(Image-text web data)
══════════════════════════════

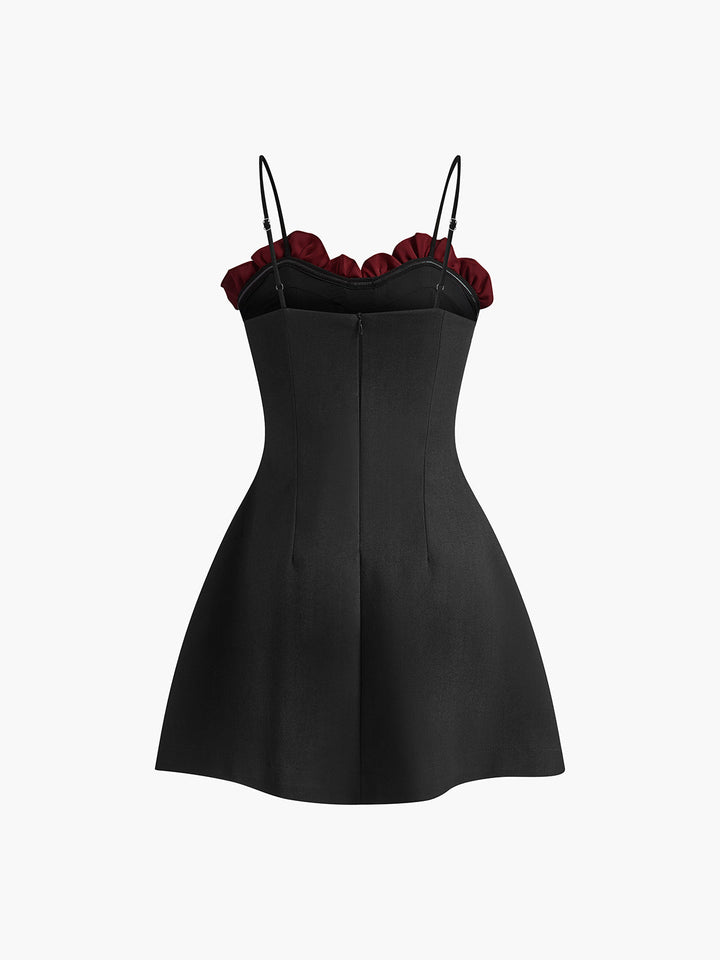 3D Rose Piping Pluffy Abiye Dress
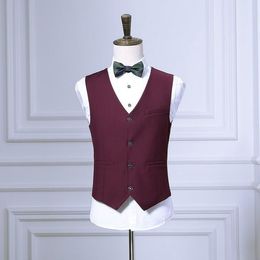 Burgundy Wedding Vests Groom Vest Spring Camouflage Slim Fit Men's Vests For Party Prom Cocktail Custom Made England Style Bow +Vest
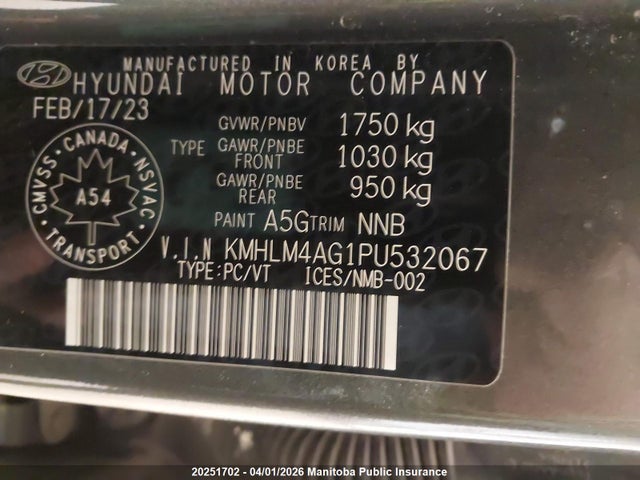 20251702 :رقم المزاد ، KMHLM4AG1PU532067 vin ، 2023 Hyundai Elantra Preferred مزاد بيع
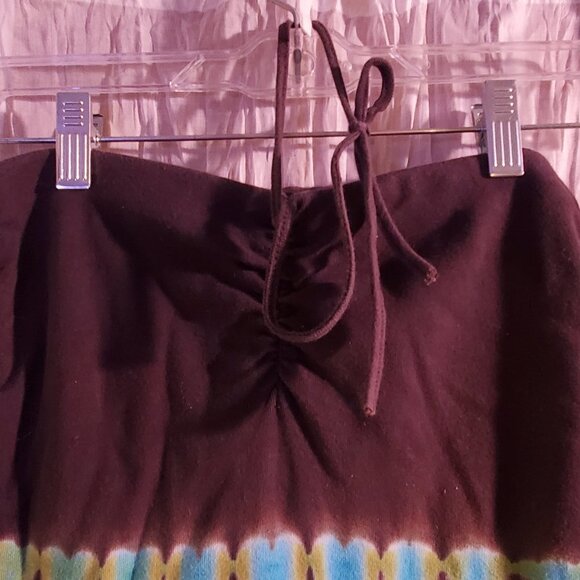 "GREEN" Tie Dyed Dress Swim Suit Cover-up with Spaghetti Tie-strap Around Neck - Picture 4 of 7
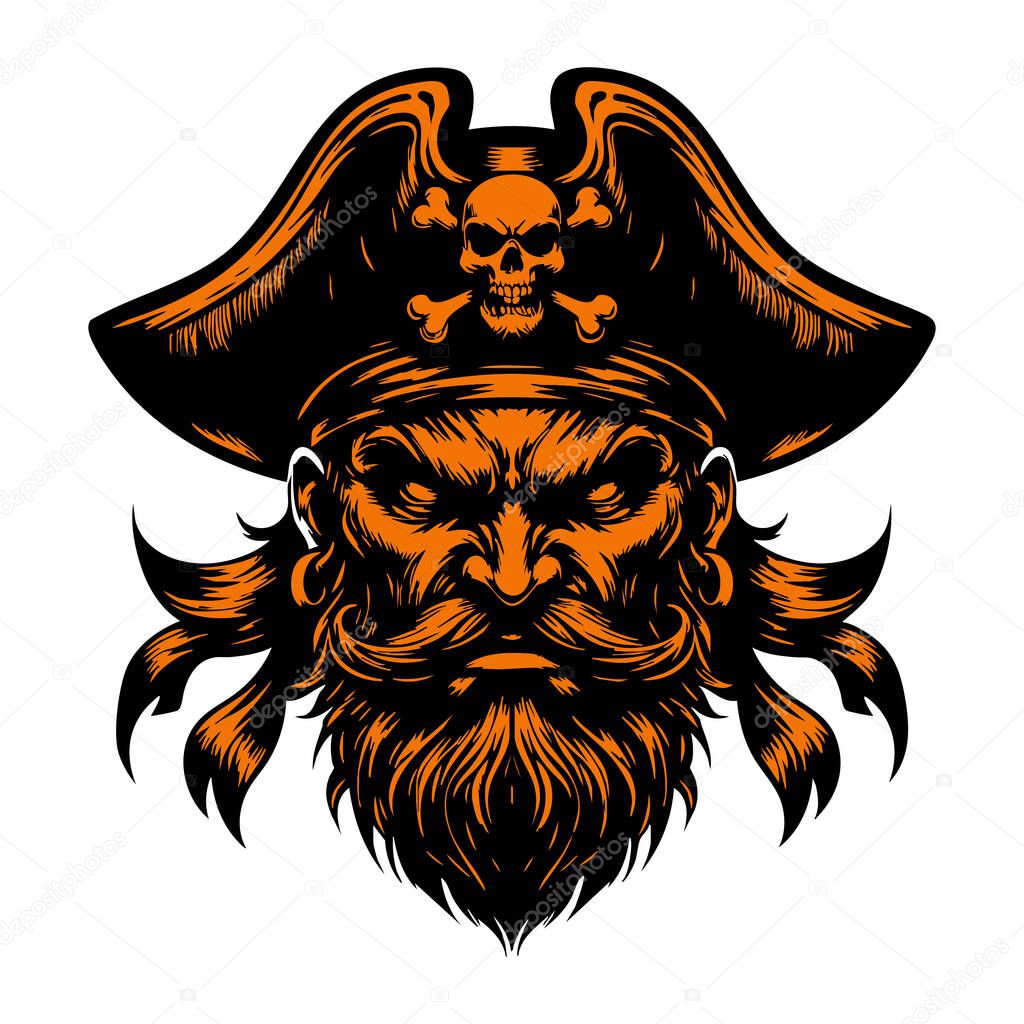 Fierce Pirate Expression Drawing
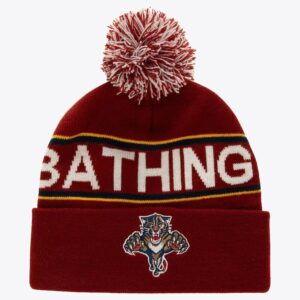 Mitchell & Ness x Bape Red Florida Panthers Bonnet à pompon en tricot à revers Rouge 1112187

══════════════════════════════

• [Exercise brief]: All of the entries above should be retyped exactly, with the pictures left out.

• [Answer for the task]:
 3D Rose Piping Pluffy Abiye Dress
 Burgundy Wedding Vests Groom Vest Spring Camouflage Slim Fit Men's Vests For Party Prom Cocktail Custom Made England Style Bow +Vest
 20251702 :رقم المزاد ، KMHLM4AG1PU532067 vin ، 2023 Hyundai Elantra Preferred مزاد بيع
 "GREEN" Tie Dyed Dress Swim Suit Cover-up with Spaghetti Tie-strap Around Neck - Picture 4 of 7
 Fierce Pirate Expression Drawing
 Mitchell & Ness x Bape Red Florida Panthers Bonnet à pompon en tricot à revers Rouge 1112187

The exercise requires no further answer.